Task prompt:
In the entries that follow, the lines from the line containing "engineer holds a fuse board" up to and including the line containing "Bed in Hotel Lumen am Hauptbahnhof" must be copied exactly, with pictures omitted.

**** Data for processing

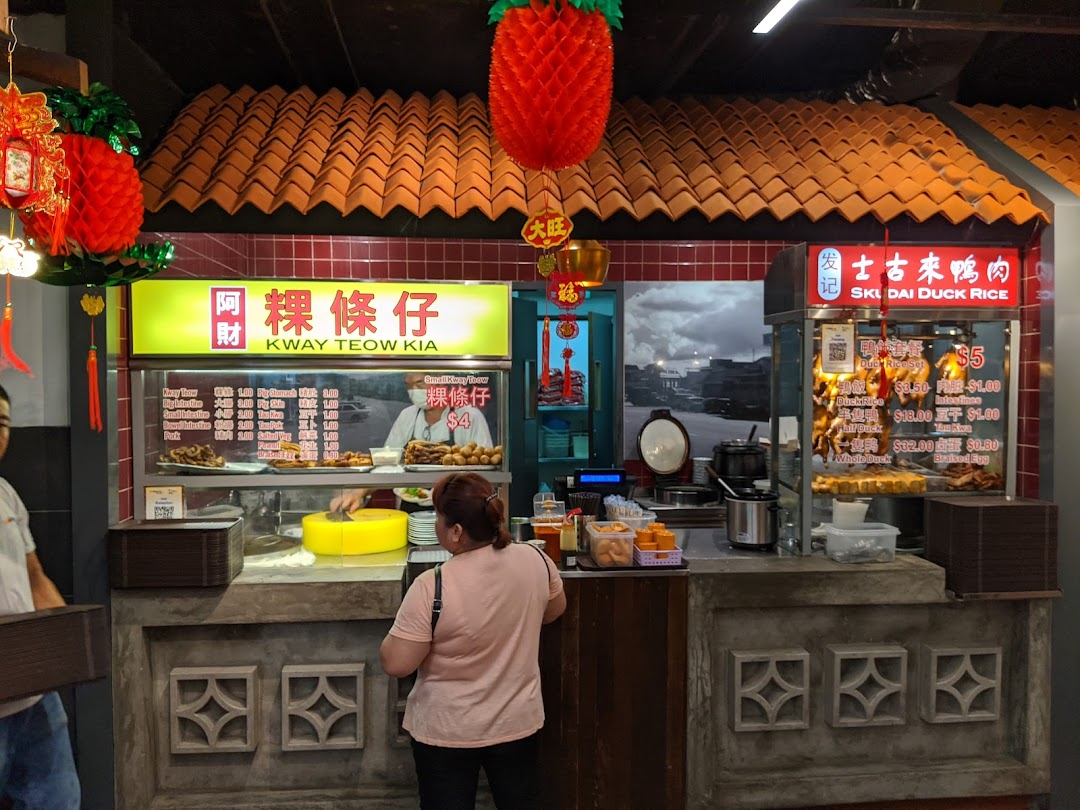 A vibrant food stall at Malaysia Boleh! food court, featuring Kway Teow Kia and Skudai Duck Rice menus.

********
**** Data for processing

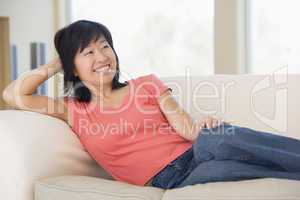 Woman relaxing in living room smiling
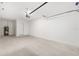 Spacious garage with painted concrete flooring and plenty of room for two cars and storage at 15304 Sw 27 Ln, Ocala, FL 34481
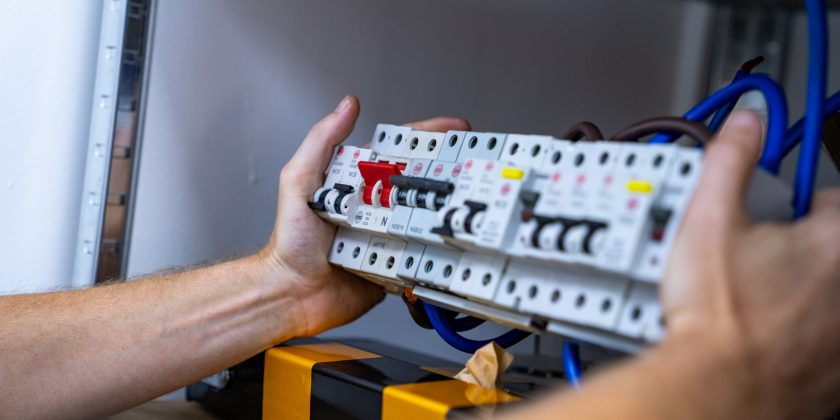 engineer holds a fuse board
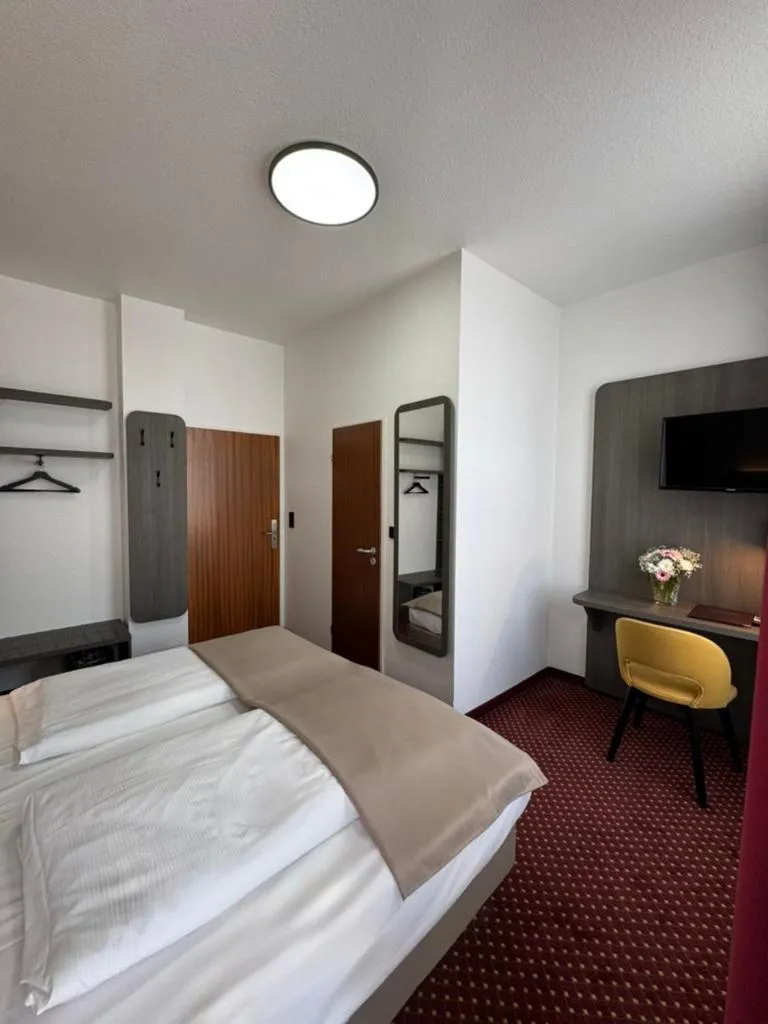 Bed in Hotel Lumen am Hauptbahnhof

********
**** Data for processing

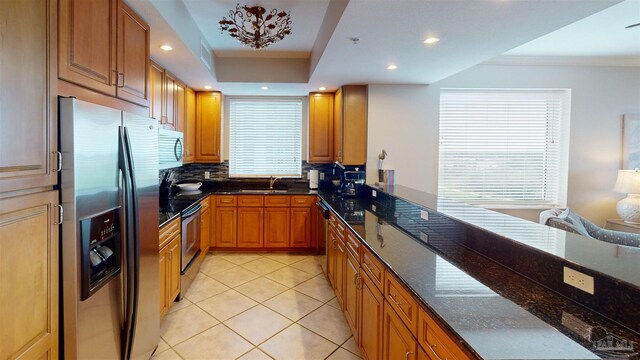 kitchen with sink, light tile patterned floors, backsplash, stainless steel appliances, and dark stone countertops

********

Exercise response:
 engineer holds a fuse board
 Bed in Hotel Lumen am Hauptbahnhof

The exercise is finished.